How games work (an occasional series)
I’ll continue to post these as often as I’m able until the end of the semester. Some may be meaningful to you and your work; others less so.
Our games ought (literally) to “make sense.”
Games constitute tiny, nearly-perfect worlds where we get to design and implement our own arbitrary boundaries and barriers.
In this world, we spend our lives striving after meaning, trying desperately to make sense of things that seem — to our limited understanding — incomprehensible. Why did he break up with me? Why did they not like our gift? Why can’t I just finish writing this paper? We look everywhere for causality, and content ourselves — as best we can — with the least-worst rationale we can find. Sometimes those rationales are sad and self-defeating (“He broke up with me because I am not smart enough”); sometimes they may lead us in new directions (“I cannot finish this paper because I am disappointed by my thesis.”)

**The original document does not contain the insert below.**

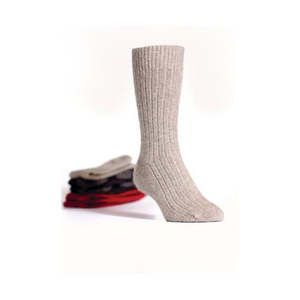 Koru: Koru Knitwear Dress socks - KO71 Ribbed socks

The characters in most of the stories we tell are really just avatars of ourselves, all of them hungry to make sense of the senseless. The Princess Bride memorably features Mandy Patinkin as the Spaniard whose father is unjustly slain by a heartless Count. The boy devotes his life to avenging his father’s death, repeating his mantra to everyone he meets: “Hello. My name is Inigo Montoya. You killed my father. Prepare to die.” Revenge helps Montoya find meaning in a cruel universe; seeing the arc to its completion helps the movie’s audience find meaning in the story itself.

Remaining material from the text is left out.